June 11, 2020 – This summer, the Maryland Commission on Climate Change is evaluating options for decreasing carbon emissions related to commercial, residential and industrial buildings.
Maryland’s climate laws require the reduction of greenhouse gas emissions 40 percent below 2006 levels by 2030 and set a goal of an up to 90% reduction by 2050. In 2017, 23% of the state’s emissions were attributed to fuel combustion in buildings — 70% from combustion of natural gas for space and water heating.
The Commission has created a subgroup, chaired by Michael Stewart, Sustainability Manager for the University of Maryland, to develop recommendations over the next five months. The overview and workplan presented by the chair at the first meeting include consideration of:
- requirements for new residential and commercial buildings to be carbon neutral
- specific dates for electrification of all new residential and commercial buildings
- on-site renewable energy generation requirements
- annual building retrofit targets to replace fossil fuel heating systems with electric
- expansion of combined heat and power systems
- incentives to support replacement of fossil fuel systems with electrical systems
The state’s strategies related to energy and existing buildings have focused on retiring coal-burning power plants and incentivizing energy conservation improvements.
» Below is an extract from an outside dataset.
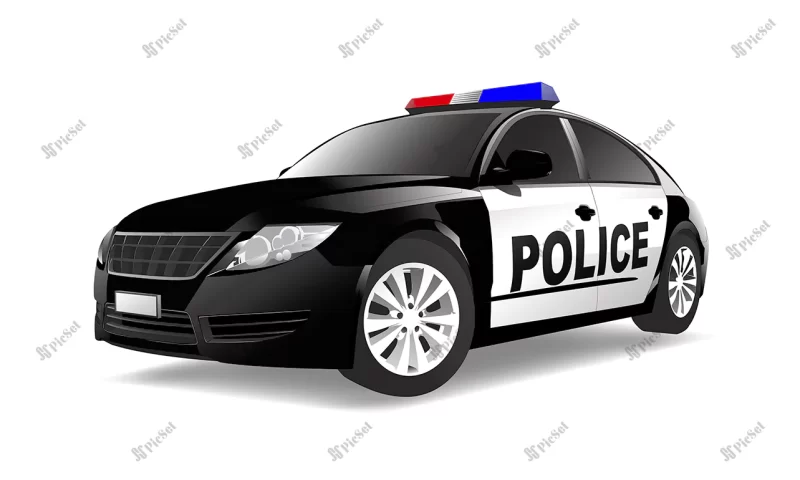 three dimensional image police car isolated white background / سه بعدی ماشین پلیس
Energy efficiency in new construction continues to be on a pathway determined by improvements to the national energy and mechanical codes. State law requires adoption of the most recent version of the International Energy Conservation Code without weakening amendments. The 2021 version of the code is 40% more energy efficient than the 2006 edition and the code includes a construction pathway to “net zero” in an optional use appendix. The code development process is focused on continued energy improvements in future editions.
In recent years, private groups such as American Institute of Architects’ 2030 Challenge, LEED Net Zero and ULI Greenprint have pushed the edge of the building energy performance curve. Jurisdictions like the District of Columbia, California, New York state and a number of cities have legislated carbon neutral or Net Zero buildings which will influence the Climate Commission’s closer look at policy options in Maryland.